Canada’s federal government is hoping that nationalising a huge pipeline project will attract institutional investors. Joel Kranc reports
Infrastructure projects can offer secure, long-term revenue streams for pension funds and other large investors working to cover future liability costs. However, recently in Canada, the Kinder Morgan Trans Mountain pipeline expansion, a proposed C$7.4bn (€4.81bn) project with great promise as a potential large-scale investment, has fallen into a political quagmire.
The object of the pipeline, from Kinder Morgan’s point of view, was to expand and add approximately 980km of new pipeline between Alberta and British Columbia providing more opportunities to ship oil to refineries in the US (and elsewhere). However, Kinder Morgan suspended non-essential spending on the expansion after the British Columbia government and many indigenous groups raised opposition to the project, citing environmental concerns and land protection issues. What took place after was a commitment by the federal government to purchase the project for more than $4bn from Kinder Morgan, guarantee its construction, and offer an indemnity to future investors interested in taking ownership in the project once completed.
The question becomes: can the pipeline project be made attractive again to large-scale investors?

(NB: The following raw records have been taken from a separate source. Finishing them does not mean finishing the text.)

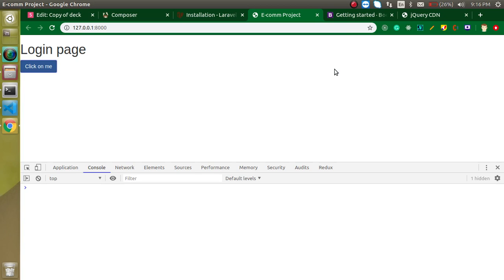In the next video we will make a navigation bar as well as a login page. Thanks for watching this video, don't forget to subscribe to my channel and like this video. Bye bye, take care and God bless you.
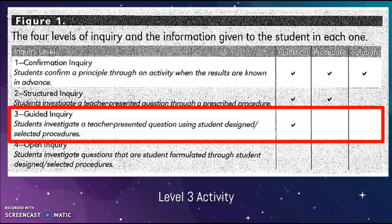I felt that this was very much a level three activity — a guided inquiry activity — because I provide students with the question but leave them to decide what the procedure would be and how to solve for the solution.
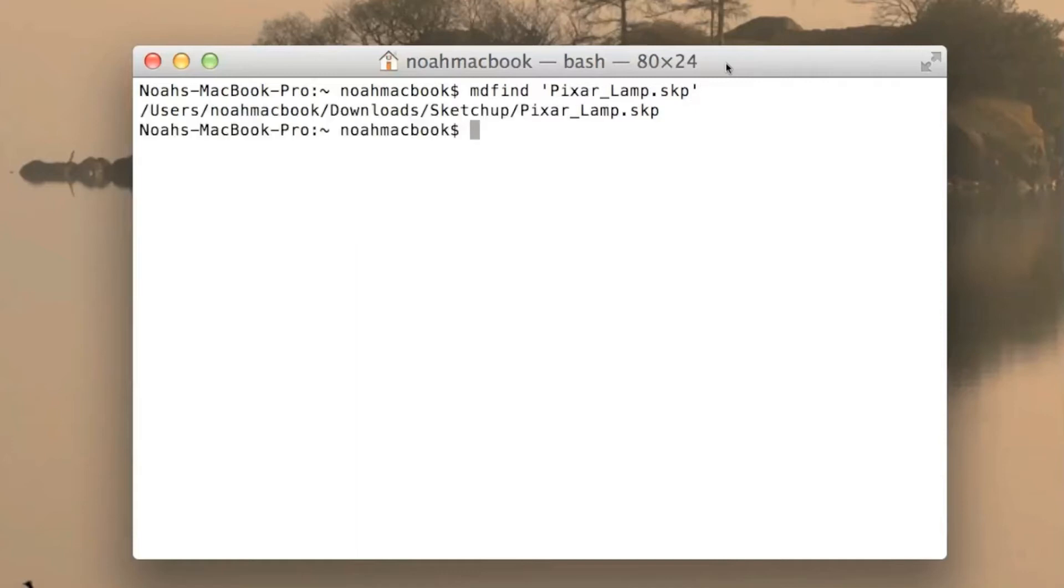So that's the file I'm looking for and it finds mine pretty quickly because like I said I haven't got that many files. So that's where it is, so if I wanted to open it now I could do whatever.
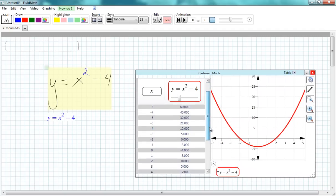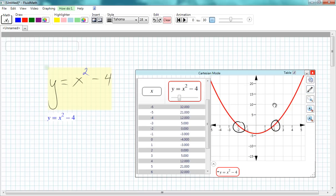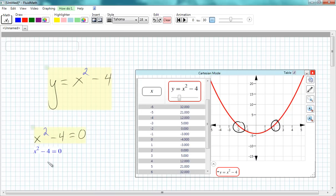Teachers like most that FluidMath's user interface is handwritten math notation itself, which helps make the technology transparent, and that FluidMath enables in a single tool a range of algebraic manipulations not available anywhere else. We trust that your students will find FluidMath engaging, and that you will find it an effective teaching tool.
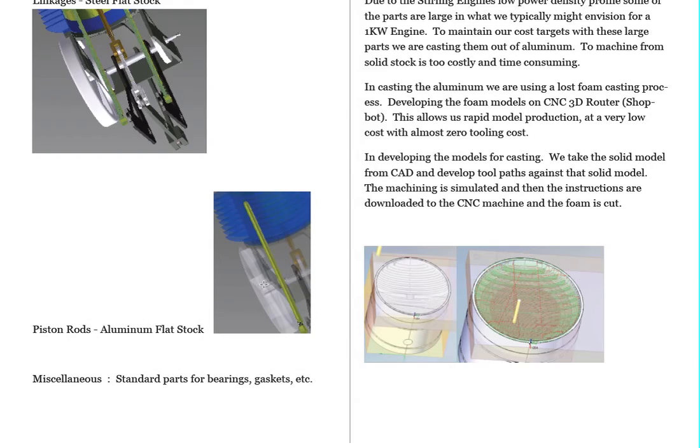So what we're doing is we're using a lost foam casting process. We're taking foam, standard insulating foam, and we're using a 3D CNC router, and we're cutting the foam into the models of the parts.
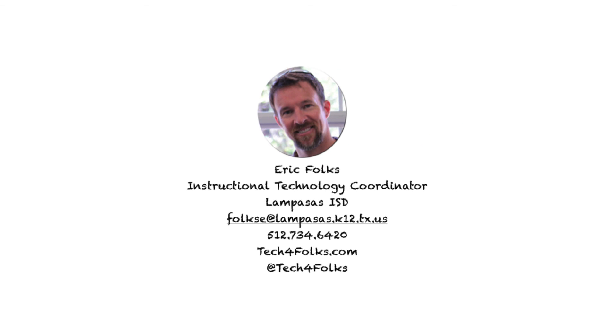All right. Thanks again for your time. My name is Eric Vokes, Instructional Technology Coordinator for Lampasas ISD. And you have just learned how to add your Outlook Web Access, your school email to your iPad. Congratulations.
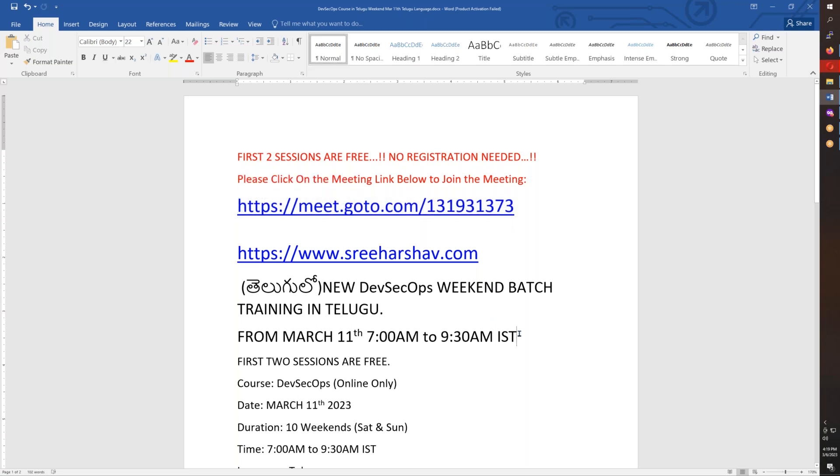Friends, thank you for participating and let's meet in the training. Bye for now.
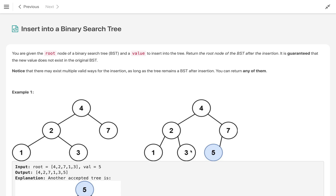Hi everyone, welcome to my channel. Let's solve the problem: Insert into a Binary Search Tree. Binary search tree is a very famous data structure in terms of interview problems as well as standard applications. We should know the basic operations in a binary search tree like insert a node, delete a node, and search a node. I already have videos on delete and search — if you haven't solved them, try those also.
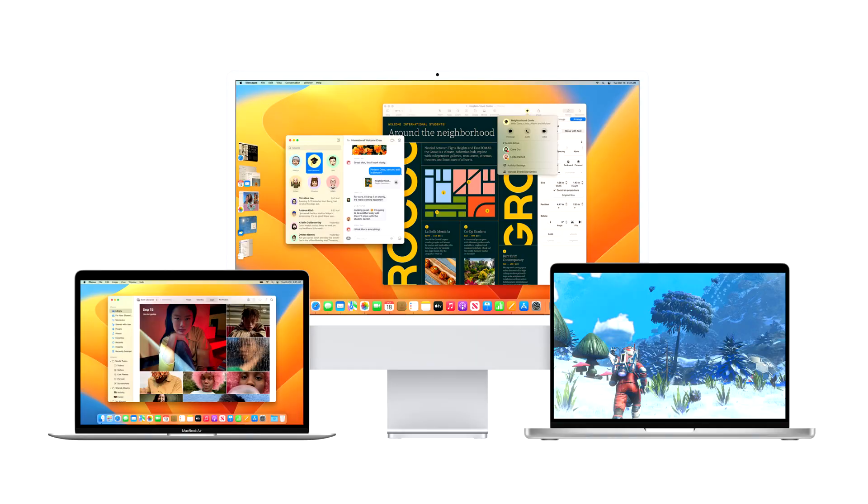Apple Scrubs Bitcoin Manifesto Doc from Latest macOS Beta. Earlier in April, keen-eyed users of macOS uncovered the presence of a strange document hidden deep within Apple's operating system directories. It turns out that this Easter egg was a digital copy of the original Bitcoin white paper.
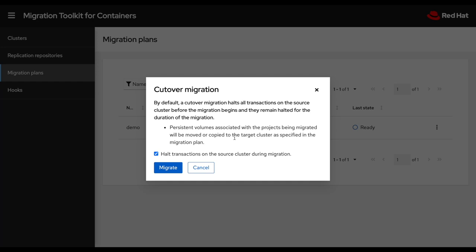So here I have the option to either halt the transactions. So by default, this will shut down the application on the source side before starting it up on the destination side. If I'm doing testing as an example, like this is the case here, I could choose to not do that, which would mean that my application at the end will be running on the source side and on the destination side at the same time.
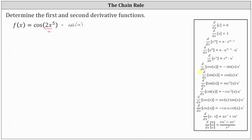The derivative of cosine u with respect to x is equal to negative sine u times u prime. Showing some work here, if u is equal to two x to the fifth, then u prime is equal to the derivative of two x to the fifth with respect to x, which is 10 x to the fourth.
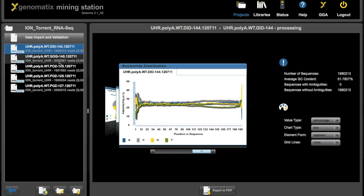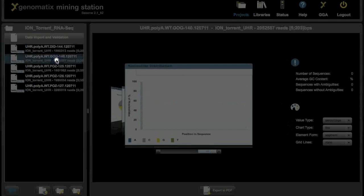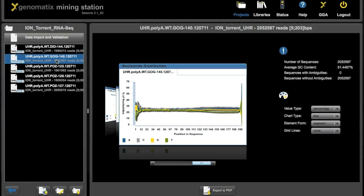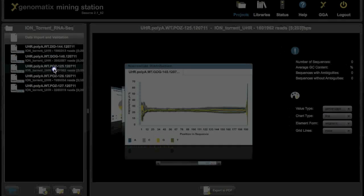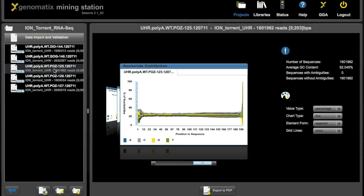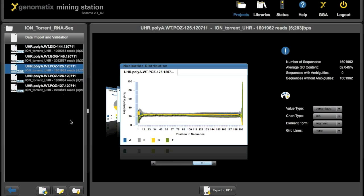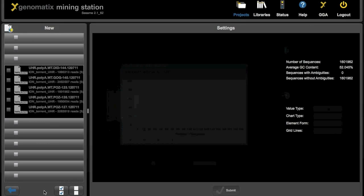If we want to see these statistics for any of the other files we imported, we can just click on the files here on the list to the left and the statistics will pop up. Now let's start an analysis on these files.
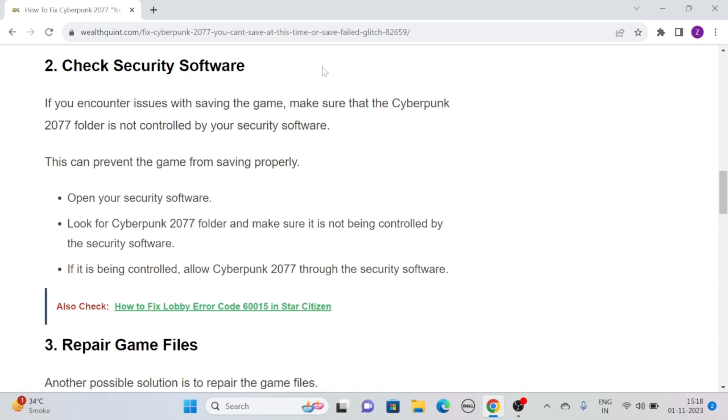To check this, open your security software and look for the Cyberpunk 2077 folder. Make sure it is not being controlled by the security software. If it is being controlled, allow Cyberpunk 2077 through the security software.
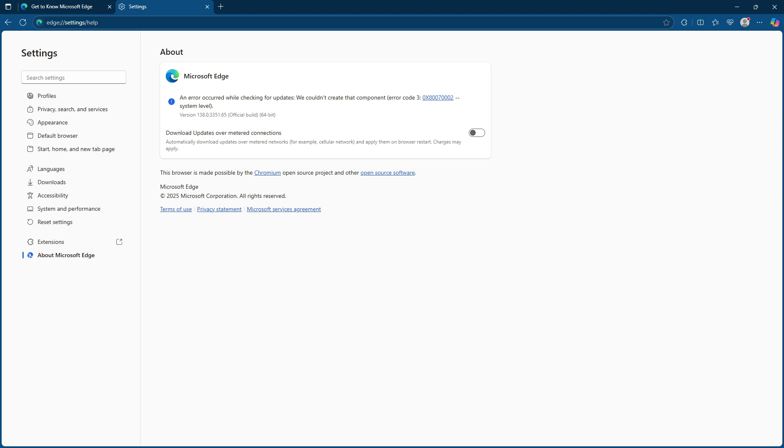And there you have it, a quick and easy way to disable automatic updates in Microsoft Edge. I hope you found this tutorial helpful. Feel free to share this guide with anyone who might be interested in learning about this feature. Remember technology should work for you, not the other way around. Thanks for watching and until next time, happy browsing.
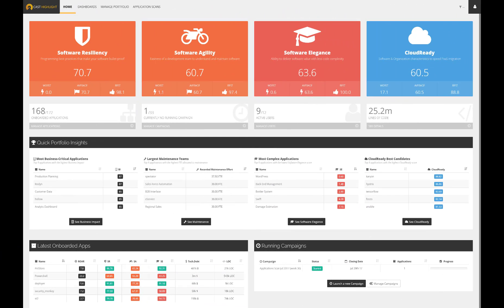Welcome and thanks for watching this Cast Highlight tutorial series. The main objective of this presentation is to walk you through our application portfolio analysis solution.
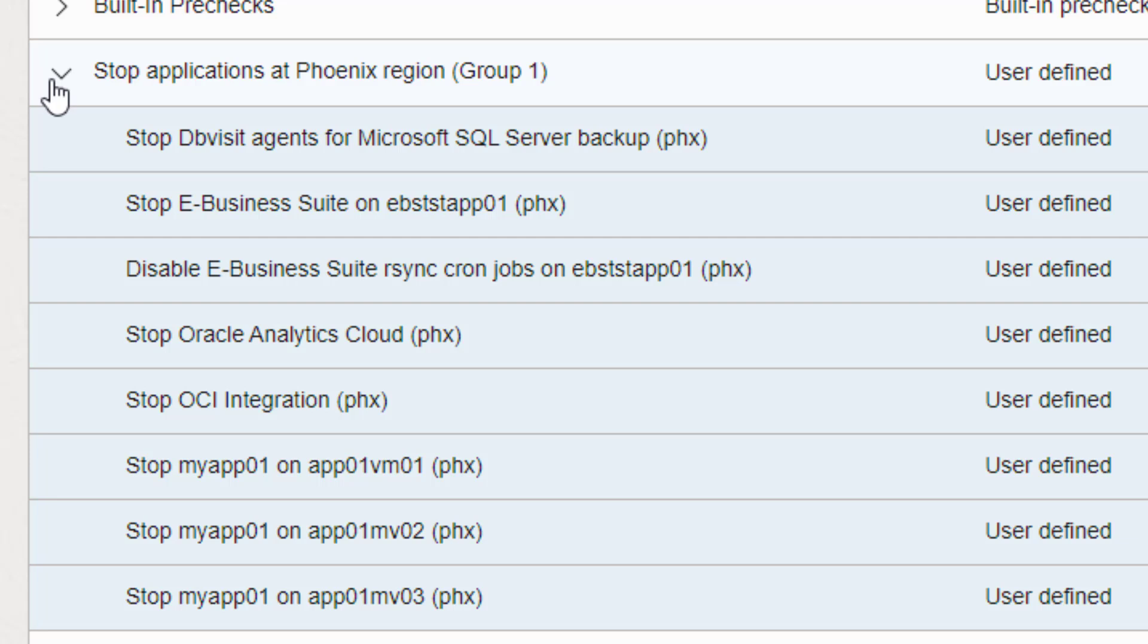Fullstack DR is extremely flexible and can be tailored to control almost anything you need to recover even if we don't have built-in support yet. If you can recover it using a keyboard, then it is highly likely you can control it with Fullstack DR.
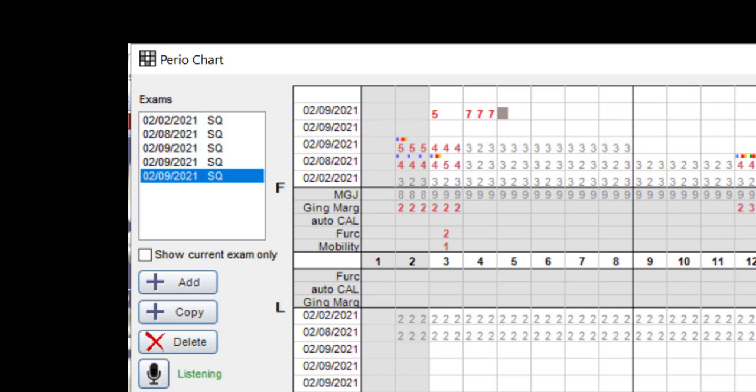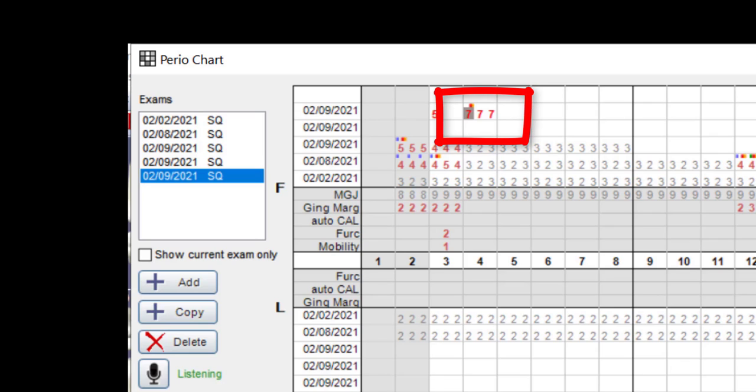Additional features include charting probing mesial, distal, facial, and lingual pocket depths, as well as charting bleeding, calculus separation, plaque, and attachment levels.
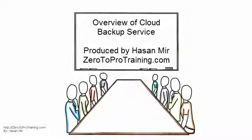In this video, we will talk about Overview of Cloud Backup Service, produced by ZeroToProTraining.com.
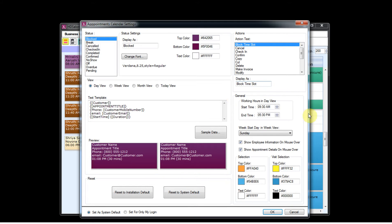Under general section, you need to enter the start time from when your salon is open. Say suppose the salon opens at 7 a.m.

The director of communications at Alberta Investment Management Corp (AIMCo) provided a statement to IPE Real Assets: “The importance of Kinder Morgan’s Trans Mountain Pipeline expansion to Alberta, and to all Albertans, cannot be underestimated. While we do not comment on potential interest in any investment opportunity, as Alberta’s investment manager, AIMCo is supportive of prudent measures to enhance investor confidence and address market uncertainty. The announcement by the Federal Government to acquire the Trans Mountain Pipeline is a positive step towards ensuring the future of this vital initiative.”
This is not surprising given the two sides of the argument, where Alberta a strong supporter of the pipeline expansion and British Columbia is opposed. However, there are some in the industry who think the federal government’s action of essentially nationalising the project will be a good thing for investors in the long term.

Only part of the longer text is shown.